"Ich prüfe Fahrzeuge, prüfe meinen Glauben immer wieder und versuche, sauber zu arbeiten – sowohl im Job als auch im Glauben", erklärt Klaus Polster von Dekra. Seine Worte klingen pragmatisch, beinahe technisch, aber sein Glaube gibt ihm Halt und Heimat.

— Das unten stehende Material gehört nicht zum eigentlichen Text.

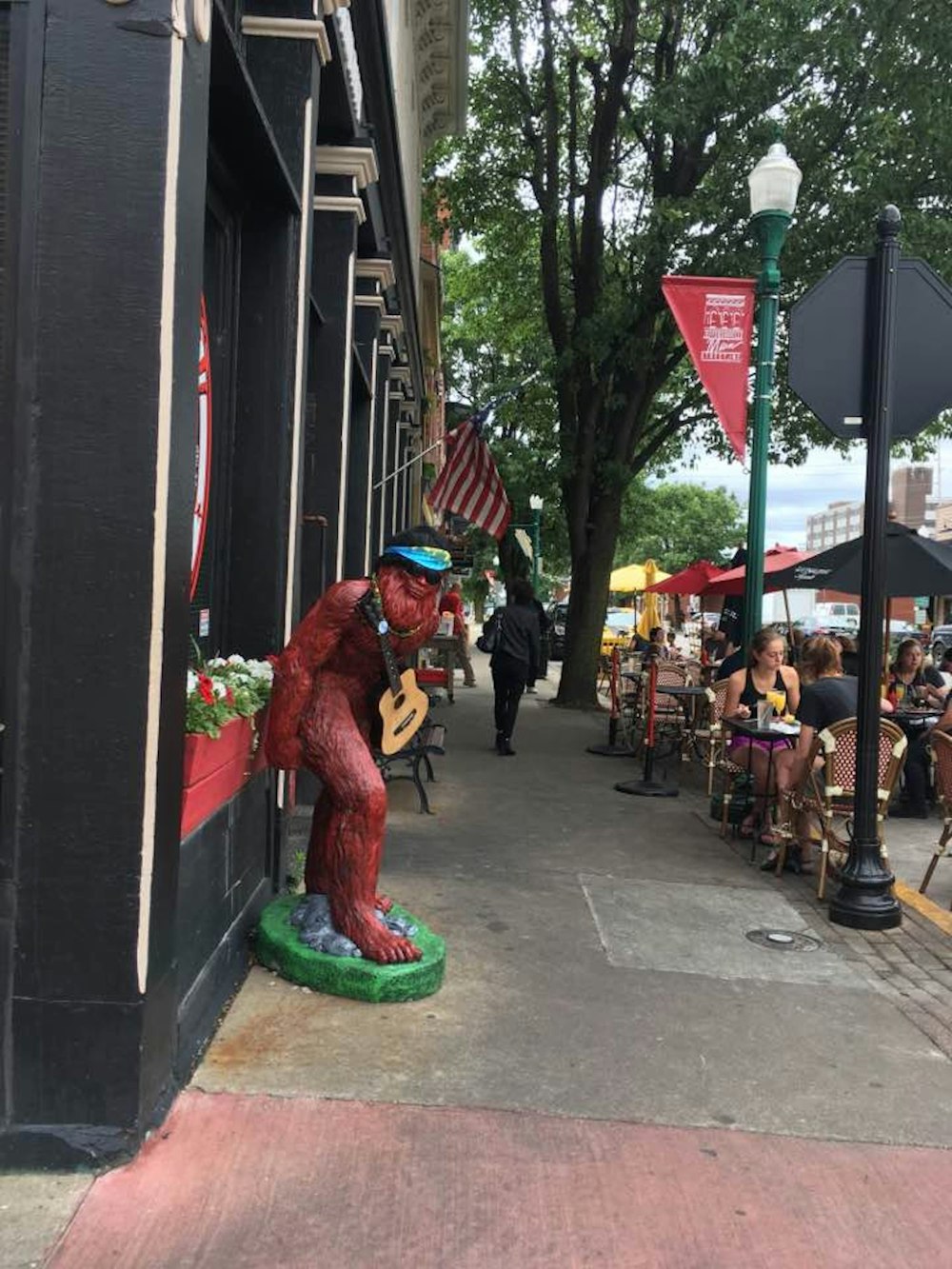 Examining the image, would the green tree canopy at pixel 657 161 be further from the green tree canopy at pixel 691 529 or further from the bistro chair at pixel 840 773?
the green tree canopy at pixel 691 529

Vielleicht gerade deshalb, weil er mit der gleichen Sorgfalt an ihn herangeht wie an eine Fahrzeugprüfung.
TÜV-Prüfer aus Bayreuth
Autos rosten – und der Glaube könne das auch, so Polster. Ein wenig Nachlässigkeit hier, eine kritische Phase dort, und schon wird es schwierig, auf der richtigen Spur zu bleiben. "Man merkt das oft gar nicht selbst, wenn sich im Glauben Rost ansetzt. Doch man kann sich immer wieder leiten lassen – durch Losungen, durch gute Freunde, die einem ehrlich sagen: 'Das war jetzt nicht in Ordnung.'"

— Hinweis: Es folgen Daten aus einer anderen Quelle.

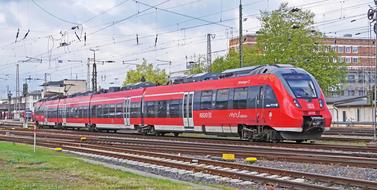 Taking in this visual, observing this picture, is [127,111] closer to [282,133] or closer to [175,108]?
[175,108]

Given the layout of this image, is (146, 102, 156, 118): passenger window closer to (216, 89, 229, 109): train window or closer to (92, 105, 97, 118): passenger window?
(216, 89, 229, 109): train window

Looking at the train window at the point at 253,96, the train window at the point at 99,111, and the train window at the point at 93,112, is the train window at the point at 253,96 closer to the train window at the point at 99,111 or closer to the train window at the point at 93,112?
the train window at the point at 99,111

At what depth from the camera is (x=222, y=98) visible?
29188 mm

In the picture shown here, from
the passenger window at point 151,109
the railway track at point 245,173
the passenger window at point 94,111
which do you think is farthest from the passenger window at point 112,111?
the railway track at point 245,173

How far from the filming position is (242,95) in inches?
1079

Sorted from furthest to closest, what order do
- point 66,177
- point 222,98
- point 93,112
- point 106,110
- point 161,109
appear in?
point 93,112 → point 106,110 → point 161,109 → point 222,98 → point 66,177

Eine ehrliche Rückmeldung könne helfen, den eigenen Kurs zu überprüfen und Korrekturen vorzunehmen.
Nicht nur geistig, sondern auch körperlich hält Polster Inspektionen für notwendig. "Man muss schon darauf achten, dass man sich selbst nicht vernachlässigt. Ein bisschen Sport, die richtige Ernährung – das ist genauso wichtig wie ein gut gewartetes Auto."
Denn ein gesunder Körper sei schließlich das Fundament für ein ausgeglichenes Leben.
Ein Kombi für alle Fälle
Bei der Frage, welches Auto ihn am besten beschreibt, zögert Polster keine Sekunde: "Auf jeden Fall ein Kombi. Ich bin absoluter Kombi-Fan, habe jetzt meinen fünften. Ein universelles Auto, mit Platz für Familie, den Glauben und alles, was man im Leben braucht."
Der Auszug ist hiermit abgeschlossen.